İşkence Alanı Sokaklar Semozyumu sona erdi. Sempozyumda biber gazı, plastik mermi ve kimyasal içerikli suların ‘kimyasal silah’ olduğu ve yasaklanması gerektiği vurgulandı.
Bugün (25 Ocak Cumartesi) Şişli Kent Kültür Merkezi’nde İşkence Alanı Sokaklar Sempozyumu düzenlendi. Kimya Mühendisleri Odası İstanbul Şubesi, İstanbul Tabip Odası, İstanbul Eczacı Odası, Çağdaş Hukukçular Derneği, İnsan Hakları Derneği, Türkiye İnsan Hakları Vakfı ve Toplumsal Dayanışma İçin Psikologlar Derneği’nin düzenlediği sempozyumda biber gazı, plastik mermi ve kimyasal içerikli suların kimyasal silah olduğu ve yasaklanması gerektiği vurgulandı.

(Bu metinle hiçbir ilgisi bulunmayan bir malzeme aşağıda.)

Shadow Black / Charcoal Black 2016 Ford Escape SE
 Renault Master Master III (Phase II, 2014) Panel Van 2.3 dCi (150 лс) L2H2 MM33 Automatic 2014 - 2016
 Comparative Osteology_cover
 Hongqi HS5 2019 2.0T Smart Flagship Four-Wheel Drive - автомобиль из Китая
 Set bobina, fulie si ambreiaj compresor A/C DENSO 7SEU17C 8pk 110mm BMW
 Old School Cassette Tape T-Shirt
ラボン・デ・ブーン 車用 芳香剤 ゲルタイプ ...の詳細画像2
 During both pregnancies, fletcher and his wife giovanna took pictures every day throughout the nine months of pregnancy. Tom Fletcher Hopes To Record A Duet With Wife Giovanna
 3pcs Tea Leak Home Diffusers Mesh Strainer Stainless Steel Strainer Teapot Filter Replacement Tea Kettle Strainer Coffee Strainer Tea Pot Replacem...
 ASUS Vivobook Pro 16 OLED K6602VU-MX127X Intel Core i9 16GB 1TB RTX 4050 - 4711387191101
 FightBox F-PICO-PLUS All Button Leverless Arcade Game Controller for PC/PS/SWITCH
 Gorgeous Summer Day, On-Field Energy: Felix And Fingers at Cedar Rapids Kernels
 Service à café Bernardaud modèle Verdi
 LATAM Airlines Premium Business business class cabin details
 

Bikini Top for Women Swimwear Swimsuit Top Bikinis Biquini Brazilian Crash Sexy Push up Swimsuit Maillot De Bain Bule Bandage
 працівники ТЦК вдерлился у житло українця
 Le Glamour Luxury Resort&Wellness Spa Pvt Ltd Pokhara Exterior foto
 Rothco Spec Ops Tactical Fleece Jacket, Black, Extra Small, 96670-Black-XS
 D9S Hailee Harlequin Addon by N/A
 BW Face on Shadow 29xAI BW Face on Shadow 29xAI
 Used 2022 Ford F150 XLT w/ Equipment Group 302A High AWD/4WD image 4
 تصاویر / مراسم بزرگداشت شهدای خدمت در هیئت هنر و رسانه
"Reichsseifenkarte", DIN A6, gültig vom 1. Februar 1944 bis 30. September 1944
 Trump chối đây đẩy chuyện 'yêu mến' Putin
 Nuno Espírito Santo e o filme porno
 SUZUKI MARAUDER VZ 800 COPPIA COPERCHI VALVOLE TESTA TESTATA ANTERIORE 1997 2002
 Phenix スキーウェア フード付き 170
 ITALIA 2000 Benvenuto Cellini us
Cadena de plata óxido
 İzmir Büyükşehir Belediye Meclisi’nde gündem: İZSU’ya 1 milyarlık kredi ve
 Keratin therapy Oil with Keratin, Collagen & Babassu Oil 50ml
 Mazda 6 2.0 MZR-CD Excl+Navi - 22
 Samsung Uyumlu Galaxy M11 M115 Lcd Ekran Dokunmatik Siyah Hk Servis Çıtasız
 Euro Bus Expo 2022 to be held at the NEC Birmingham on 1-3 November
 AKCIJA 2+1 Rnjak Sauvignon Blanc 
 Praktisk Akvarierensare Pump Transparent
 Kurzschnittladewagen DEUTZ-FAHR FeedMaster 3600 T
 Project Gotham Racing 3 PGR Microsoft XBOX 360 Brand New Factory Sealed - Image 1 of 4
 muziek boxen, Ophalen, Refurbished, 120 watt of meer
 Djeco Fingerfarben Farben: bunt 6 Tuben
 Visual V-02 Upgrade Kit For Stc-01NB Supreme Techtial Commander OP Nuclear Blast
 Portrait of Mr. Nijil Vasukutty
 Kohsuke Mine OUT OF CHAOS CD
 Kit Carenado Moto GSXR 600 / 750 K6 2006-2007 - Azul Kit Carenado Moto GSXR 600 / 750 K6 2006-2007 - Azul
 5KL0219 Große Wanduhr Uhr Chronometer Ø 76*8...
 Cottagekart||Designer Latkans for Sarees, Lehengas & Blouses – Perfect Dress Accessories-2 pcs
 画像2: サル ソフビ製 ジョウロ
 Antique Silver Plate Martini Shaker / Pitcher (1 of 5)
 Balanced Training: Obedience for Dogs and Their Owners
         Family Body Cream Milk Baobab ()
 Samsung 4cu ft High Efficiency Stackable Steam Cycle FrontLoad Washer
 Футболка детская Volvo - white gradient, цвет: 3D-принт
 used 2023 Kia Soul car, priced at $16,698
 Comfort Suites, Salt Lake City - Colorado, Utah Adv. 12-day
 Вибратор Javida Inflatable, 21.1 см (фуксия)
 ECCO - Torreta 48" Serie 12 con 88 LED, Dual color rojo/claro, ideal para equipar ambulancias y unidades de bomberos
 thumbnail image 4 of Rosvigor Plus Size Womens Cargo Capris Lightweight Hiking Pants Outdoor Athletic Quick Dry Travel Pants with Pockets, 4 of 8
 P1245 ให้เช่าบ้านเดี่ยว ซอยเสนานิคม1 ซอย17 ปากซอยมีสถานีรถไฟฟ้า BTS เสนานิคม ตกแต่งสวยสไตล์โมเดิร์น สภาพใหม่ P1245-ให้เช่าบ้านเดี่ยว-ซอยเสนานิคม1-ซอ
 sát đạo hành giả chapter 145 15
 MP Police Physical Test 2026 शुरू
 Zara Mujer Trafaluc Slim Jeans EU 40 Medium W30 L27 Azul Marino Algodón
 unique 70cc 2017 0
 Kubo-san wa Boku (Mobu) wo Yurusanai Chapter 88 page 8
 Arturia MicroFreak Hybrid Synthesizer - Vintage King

Sempozyum Haziran İsyanı’nda yaşamını yitirenlerin anılmasıyla başladı. Sempozyumda, göz yaşartıcı gazların içerisinde kanser yapıcı etkisi olan metilenklorit bulunduğu belirtildi. Göz yaşartışı gazların akciğer, göz, burun, boğaz ve cildi tahriş ettiği, vücutta tahribata yol açtığı vurgulandı. Göz yaşartıcı gazların toksik etkileri bilimsel olarak kanıtlanmadığı için kesinlikle yasaklanması gerektiği ifade edildi.
Haziran İsyanı srasında 130 bin gaz fişeği kullanıldığı, ancak gazın etkisi dışında gaz kapsülünün de silah olarak kullanıldığı belirtildi. TTB’nin (Türk Tabipleri Birliği) biber gazının kimyasal silah olarak kabul edilmesi çalışma başlattığı ifade edildi.
Türkiye’de kullanılan biber gazının çok büyük bir bölümünün Brezilya’dan ithal edildiği belirtilirken Brezilya’da sendikaların “Türkiye’ye biber gazı satılmaması için” eylem yaptığı vurgulandı.
Sempozyumun forum bölümünde; gaz kullanımının yasaklanması için kampanya başlatılması gerektiği, gaz bombaları ile ilgili bilgilendirme broşürü hazırlanabileceği, biber gazını etkisiz hale getirebilecek bir kimyasal için çalışma yapılabileceği belirtildi.
Sempozyum, biber gazı kullanımının yasaklanması ve kimyasal silah olarak kabul edilmesi için mücadele çağrısıyla sona erdi.